Twórcy i krytycy polscy i zagraniczni, doceniając wyjątkową wartość artystyczną chełmskiej kolekcji, uznali za nieodzowną potrzebę nadania jej autonomii przez uwolnienie jej od traktowania na równi z innymi działami muzeum, mającymi znaczenie tylko regionalne. W 1992 r. Prof. Georg-Karl Pfahler ze Stuttgartu, wraz z międzynarodową grupą twórców pleneru w Okunince wysunęli projekt zbudowania odrębnego gmachu dla kolekcji i przedstawili go ówczesnemu Wojewodzie Chełmskiemu Leszkowi Burakowskiemu.
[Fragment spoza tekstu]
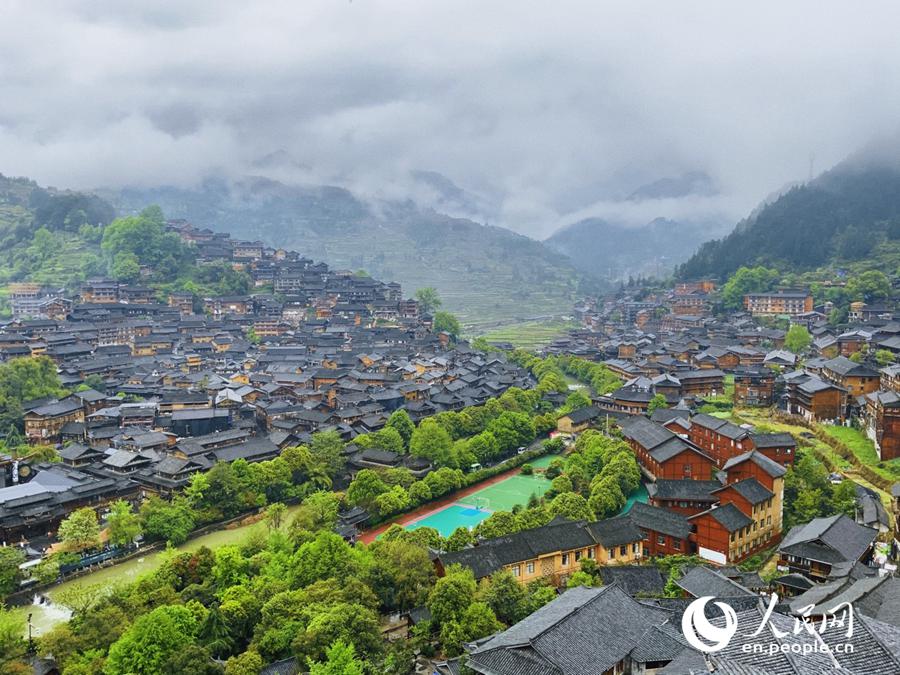 La aldea Xijiang Qianhu Miao es el centro poblacional Miao más grande del mundo. (Foto: Pueblo en Línea/ Kou Jie)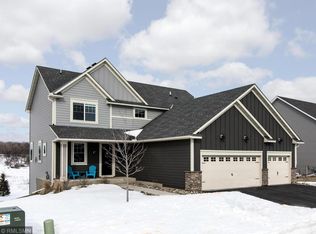 5306 Pine Island Rd, Woodbury, MN 55129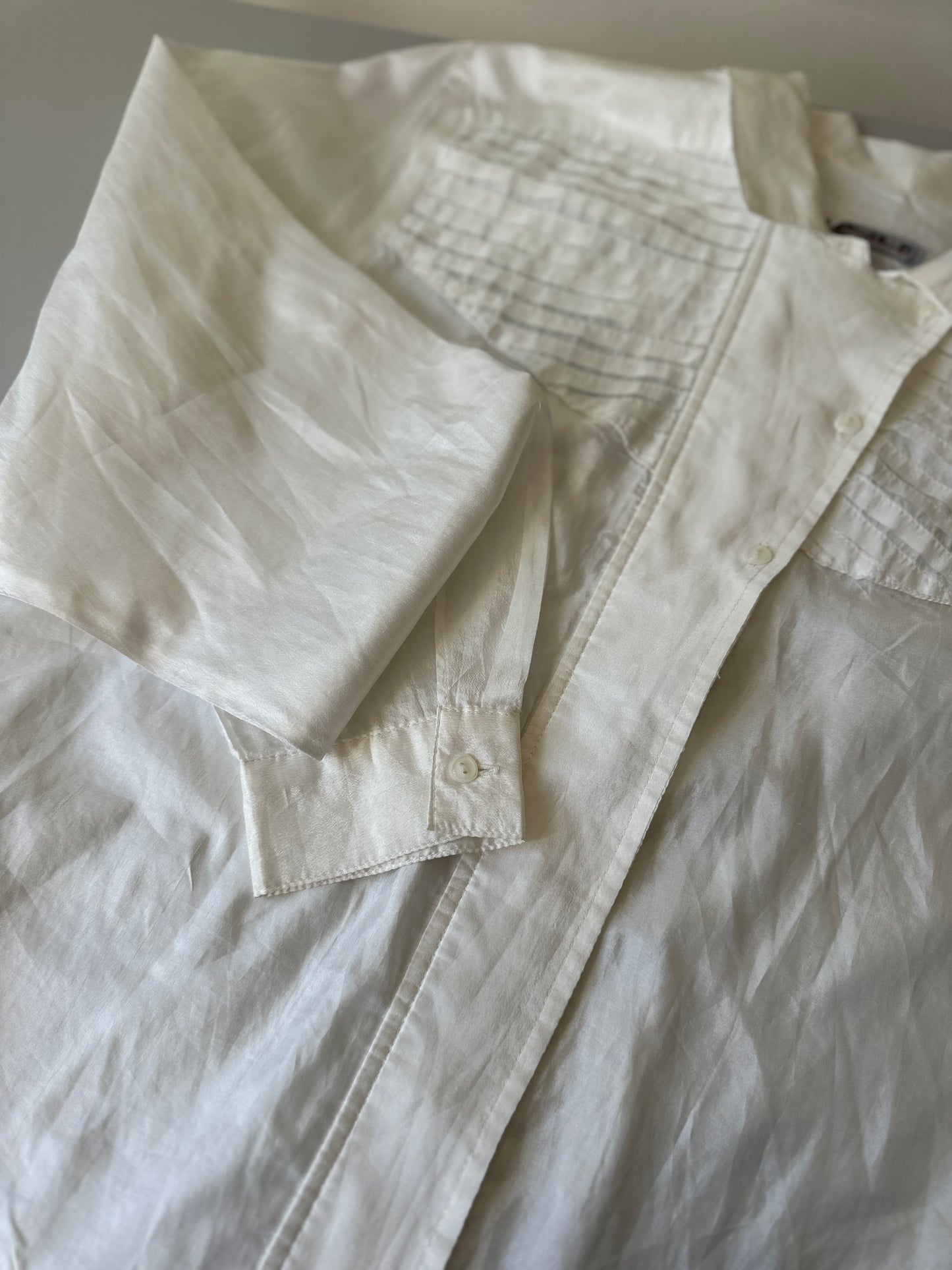 tuxedo style pleated button up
Prof. Pfahler powierzył zebranie dzieł od artystów i przeprowadzenie aukcji, które miały przynieść fundusze niezbędne dla rozpoczęcia budowy obiektu panu Rudolfowi Grassowi z Kolonii, założycielowi charytatywnej instytucji p.n. PCC (Politischer Club Colonia).
Artyści z różnych krajów, w tym niemal wszyscy uczestnicy plenerów w Okunince, oraz kilkudziesięciu twórców z Polski, ofiarowali swoje dzieła na ten cel.
Grupa kilkunastu wybitnych artystów polskich założyła Fundację Muzeum Sztuki Współczesnej, która zająć się miała budową gmachu po uzyskaniu wpływów z aukcji od PCC. Odbyły się pod hasłem zebrania pieniędzy na budowę muzeum w Chełmie trzy aukcje: w Kolonii, Stuttgarcie i Hamburgu, które wedle informacji uzyskanych od p. Grassa przyniosly dochód netto 200.000 DM.
Jednak wystąpienie Fundacji o przekazanie tej kwoty, by rozpocząć budowę, spotykały się z ustawicznymi unikami p. Grassa i nigdy ani jeden fening nie wpłynął na konto Fundacji.
P. Grass nigdy też nie przekazał artystom informacji, czy i za ile zostały sprzedane ich dzieła, a jeśli nie zostały sprzedane, skąd można je odebrać.
Gdy zaś na krótko (3 miesiące) przed upływem okresu przedawnienia sprawy, które wedle niemieckiego prawa upływa po dwóch latach, p. Grass otrzymał z Fundacji Muzeum Sztuki Współczesnej w Chełmie kolejne pismo z prośbą o przekazanie pieniędzy, ponieważ Fundacja znalazła możliwość rozpoczęcia budowy w dogodnym miejscu i na dogodnych warunkach – p. Grass, pomijając w arogancki sposób zarówno artystów, od których otrzymał prace, jak Fundację zwrócił się do Prezydenta m.